| Data excerpts |
+++

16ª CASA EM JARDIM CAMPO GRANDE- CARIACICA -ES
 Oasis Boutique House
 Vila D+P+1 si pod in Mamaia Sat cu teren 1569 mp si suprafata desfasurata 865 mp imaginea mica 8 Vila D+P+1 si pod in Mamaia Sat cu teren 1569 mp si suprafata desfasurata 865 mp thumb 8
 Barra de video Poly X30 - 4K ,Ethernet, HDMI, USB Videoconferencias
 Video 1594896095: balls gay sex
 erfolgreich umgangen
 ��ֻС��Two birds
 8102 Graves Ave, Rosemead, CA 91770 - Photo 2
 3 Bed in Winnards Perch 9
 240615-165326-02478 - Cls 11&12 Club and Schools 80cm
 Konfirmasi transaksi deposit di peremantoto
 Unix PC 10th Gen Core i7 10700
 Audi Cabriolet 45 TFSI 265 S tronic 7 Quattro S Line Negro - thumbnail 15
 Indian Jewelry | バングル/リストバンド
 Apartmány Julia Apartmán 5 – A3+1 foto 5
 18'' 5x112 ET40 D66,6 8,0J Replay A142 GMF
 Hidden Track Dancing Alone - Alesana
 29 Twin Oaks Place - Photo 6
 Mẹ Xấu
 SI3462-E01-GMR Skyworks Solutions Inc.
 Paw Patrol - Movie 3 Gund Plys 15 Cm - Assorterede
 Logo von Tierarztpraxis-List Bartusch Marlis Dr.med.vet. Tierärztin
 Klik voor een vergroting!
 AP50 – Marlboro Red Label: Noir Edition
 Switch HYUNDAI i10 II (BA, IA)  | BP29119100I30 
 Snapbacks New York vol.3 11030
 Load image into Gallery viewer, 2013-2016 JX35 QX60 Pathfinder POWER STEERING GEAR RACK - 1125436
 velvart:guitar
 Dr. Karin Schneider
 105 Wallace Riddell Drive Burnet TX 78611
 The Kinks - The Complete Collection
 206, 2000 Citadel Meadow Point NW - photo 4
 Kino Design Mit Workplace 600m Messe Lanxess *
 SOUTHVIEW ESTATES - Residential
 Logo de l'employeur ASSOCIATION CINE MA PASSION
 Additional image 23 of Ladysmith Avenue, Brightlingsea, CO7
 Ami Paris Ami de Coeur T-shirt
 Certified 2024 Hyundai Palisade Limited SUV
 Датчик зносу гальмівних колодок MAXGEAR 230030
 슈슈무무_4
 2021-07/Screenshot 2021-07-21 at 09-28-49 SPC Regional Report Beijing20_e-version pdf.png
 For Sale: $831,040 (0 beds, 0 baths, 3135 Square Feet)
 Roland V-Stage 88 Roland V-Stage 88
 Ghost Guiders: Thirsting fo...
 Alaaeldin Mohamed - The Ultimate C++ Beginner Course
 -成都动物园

+++

| TASK DIRECTIONS |
Could you return exactly the lines above from the line with "Apartmány Julia Apartmán 5 – A3+1 foto 5" to the line with "Klik voor een vergroting!", both included, and nothing else?

| SOLUTION |
 Apartmány Julia Apartmán 5 – A3+1 foto 5
 18'' 5x112 ET40 D66,6 8,0J Replay A142 GMF
 Hidden Track Dancing Alone - Alesana
 29 Twin Oaks Place - Photo 6
 Mẹ Xấu
 SI3462-E01-GMR Skyworks Solutions Inc.
 Paw Patrol - Movie 3 Gund Plys 15 Cm - Assorterede
 Logo von Tierarztpraxis-List Bartusch Marlis Dr.med.vet. Tierärztin
 Klik voor een vergroting!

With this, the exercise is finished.